Anyway. The story, such as it is, follows a hard-boiled noir detective, Chris Marlowe (an escapee from a Raymond Chandler novel, or a seventeenth-century playwright, or both), as he searches for his missing business partner, Mike the Minoan, in Eliot’s Unreal City: London, though a disconnected and fragmented version of it. (“A crowd flowed over London Bridge, so many,/I had not thought death had undone so many.”)
A Goodreads reviewer, Liam Guilar, suggests that Marlowe’s search for his partner in Waste Land London is a performance of the search for meaning with which befuddled first-time readers approach Eliot’s poem – “the irony being the only coherence the poem has to offer is the reader’s search for it.” This is a brilliant and elegant reading which, frankly, I wish I’d come up with myself. (There are also interesting resonances here with the theme of the Grail quest Eliot threads half-heartedly through the poem.)
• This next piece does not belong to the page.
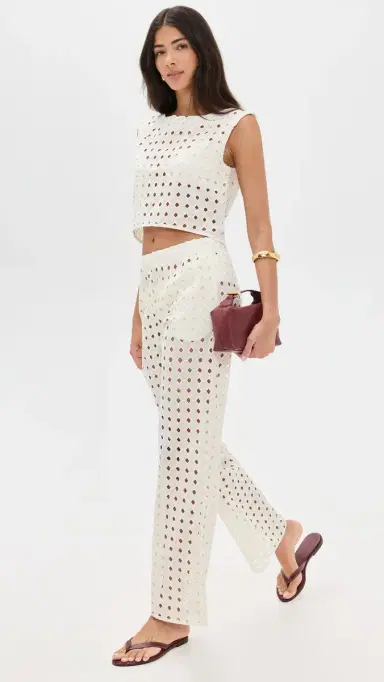 LE BOP Eyelet Odette Cropped Top Ivory M | Thumbnail 5 LE BOP Eyelet Odette Cropped Top Ivory M | Thumbnail 5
So Rowson renders Eliot’s text as place – specifically, as a nightmarish version of London, identified mainly (as it is in the poem) by the River Thames, curling its symbolic, stinking way through the text’s heart. Marlowe is literally a stranger in this city; in the first chapter of the book he’s knocked out and shipped across the Atlantic to London, and we see it through his stranger’s eyes – the caricature grotesquerie of Rowson’s art style rendering it larger than life and half-unrecognisable. As another Goodreads reviewer pointed out, rather less insightfully, “the story seems to jump all over the place.” Well, yes. That disconnection is pretty much the whole point of both texts: Eliot renders it linguistically, as a breakdown of cultural touchstones, a scattergun range of quotations and intertexts that don’t relate to anything, “a heap of broken images” with no shaping connective tissue; Rowson renders it narratively, in a search that doesn’t make sense with a solution that “is no solution” (Guilar again), and spatially, in a London that doesn’t look quite like our London, teetering on the edge of the familiar, and populated by anachronistic historical figures: Queen Elizabeth I in a modern-looking crowd on the banks of the Thames, Joseph Conrad in a London pub.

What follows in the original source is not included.